Spiegheremo come gestire i limiti di PHP su Imposta limite di memoria PHP, dimensione di caricamento e tempo di esecuzione.

Importante: Quando CloudLinux segnala un limite di memoria, non dovresti semplicemente aumentare il limite di memoria PHP. Ciò può rendere un problema di risorse ancora più evidente, poiché ai singoli processi PHP è consentito consumare più memoria.

Cosa può richiedere molta memoria RAM? #

Un maggiore consumo di memoria può essere causato, ad esempio, da più processi PHP in esecuzione contemporanea, da applicazioni complesse o da attività particolarmente intensive in termini di memoria.
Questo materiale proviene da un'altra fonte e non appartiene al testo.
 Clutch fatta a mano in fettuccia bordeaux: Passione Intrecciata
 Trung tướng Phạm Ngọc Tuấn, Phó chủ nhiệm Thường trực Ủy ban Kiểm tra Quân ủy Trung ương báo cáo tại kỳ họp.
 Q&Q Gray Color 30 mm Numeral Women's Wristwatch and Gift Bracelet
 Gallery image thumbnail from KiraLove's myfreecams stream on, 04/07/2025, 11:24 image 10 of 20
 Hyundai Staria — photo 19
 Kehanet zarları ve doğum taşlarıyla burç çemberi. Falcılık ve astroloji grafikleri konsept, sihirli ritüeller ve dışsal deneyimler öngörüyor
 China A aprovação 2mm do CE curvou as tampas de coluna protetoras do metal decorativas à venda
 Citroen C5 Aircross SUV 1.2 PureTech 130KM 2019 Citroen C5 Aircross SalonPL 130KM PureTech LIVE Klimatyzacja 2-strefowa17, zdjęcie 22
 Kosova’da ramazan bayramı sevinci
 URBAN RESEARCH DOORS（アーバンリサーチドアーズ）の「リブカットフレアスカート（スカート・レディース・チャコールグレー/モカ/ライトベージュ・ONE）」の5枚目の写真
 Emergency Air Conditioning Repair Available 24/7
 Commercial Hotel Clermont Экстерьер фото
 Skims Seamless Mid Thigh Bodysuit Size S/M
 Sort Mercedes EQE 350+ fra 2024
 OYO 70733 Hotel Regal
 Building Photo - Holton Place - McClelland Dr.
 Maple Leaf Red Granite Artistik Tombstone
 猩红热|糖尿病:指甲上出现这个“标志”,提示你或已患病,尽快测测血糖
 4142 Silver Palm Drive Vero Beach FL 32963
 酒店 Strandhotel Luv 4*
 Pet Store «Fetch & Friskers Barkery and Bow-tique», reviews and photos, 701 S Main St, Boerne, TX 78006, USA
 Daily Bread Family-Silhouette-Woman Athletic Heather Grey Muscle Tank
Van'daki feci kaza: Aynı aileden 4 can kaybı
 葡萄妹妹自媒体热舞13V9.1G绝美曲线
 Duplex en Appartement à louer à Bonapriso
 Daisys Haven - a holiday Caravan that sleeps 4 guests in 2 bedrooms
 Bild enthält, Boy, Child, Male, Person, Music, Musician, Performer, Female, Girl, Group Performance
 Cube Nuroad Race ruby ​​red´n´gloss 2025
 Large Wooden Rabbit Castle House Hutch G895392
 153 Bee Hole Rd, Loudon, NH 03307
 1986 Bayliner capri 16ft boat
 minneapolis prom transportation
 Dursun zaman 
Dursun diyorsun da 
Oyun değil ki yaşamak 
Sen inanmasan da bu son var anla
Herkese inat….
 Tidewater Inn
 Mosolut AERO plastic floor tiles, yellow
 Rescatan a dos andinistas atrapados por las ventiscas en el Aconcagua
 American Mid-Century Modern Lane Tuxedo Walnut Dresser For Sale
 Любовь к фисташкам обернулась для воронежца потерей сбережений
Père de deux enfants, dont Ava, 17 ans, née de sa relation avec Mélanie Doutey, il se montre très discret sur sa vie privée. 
Le situazioni tipiche sono:

  • grandi importazioni
  • Elaborazione delle immagini
  • ampi processi WordPress o WooCommerce
  • diverse richieste PHP parallele
  • Cronjob
  • Processi di backup o di manutenzione
  • codice applicativo difettoso o inefficiente

Comprendere l'I/O #

I/O sta per Input/Output e descrive, in modo semplificato, la velocità di trasferimento con cui i processi possono leggere o scrivere dati.

Ciò riguarda, ad esempio, l'accesso ai file.

Un'elevata attività di I/O può verificarsi, tra le altre cose, durante le seguenti attività:

  • grandi operazioni sui file
  • Backup
  • Decompressione di archivi di grandi dimensioni
  • importazioni massicce
  • Generazione della cache
  • di determinate applicazioni ad alta intensità di dati

Cosa succede in caso di limite di I/O? #

Se un processo richiede più prestazioni di I/O di quelle disponibili per l'account, l'elaborazione dei dati può essere limitata di conseguenza.

Ciò può comportare che le operazioni sui file o i processi dipendenti da esse richiedano più tempo.

Un limite di I/O non è quindi la stessa cosa di uno spazio di archiviazione pieno.

Spazio di archiviazione esaurito
→ manca spazio per ulteriori dati

Limite I/O raggiunto
→ la velocità di trasmissione dei dati è limitata

Le IOPS possono essere visualizzate separatamente #

A seconda della configurazione di CloudLinux, è possibile aggiungere anche un valore per IOPS essere visualizzato.

Gli IOPS descrivono il numero di operazioni di input/output al secondo e pertanto non sono identici alla quantità di dati trasferiti al secondo.

In sintesi:

I/O
→ quanti dati vengono trasferiti per unità di tempo

IOPS
→ quante singole operazioni di I/O vengono eseguite per unità di tempo

Molte piccole operazioni sui file possono quindi generare un profilo di risorse diverso rispetto a poche grandi operazioni sui file.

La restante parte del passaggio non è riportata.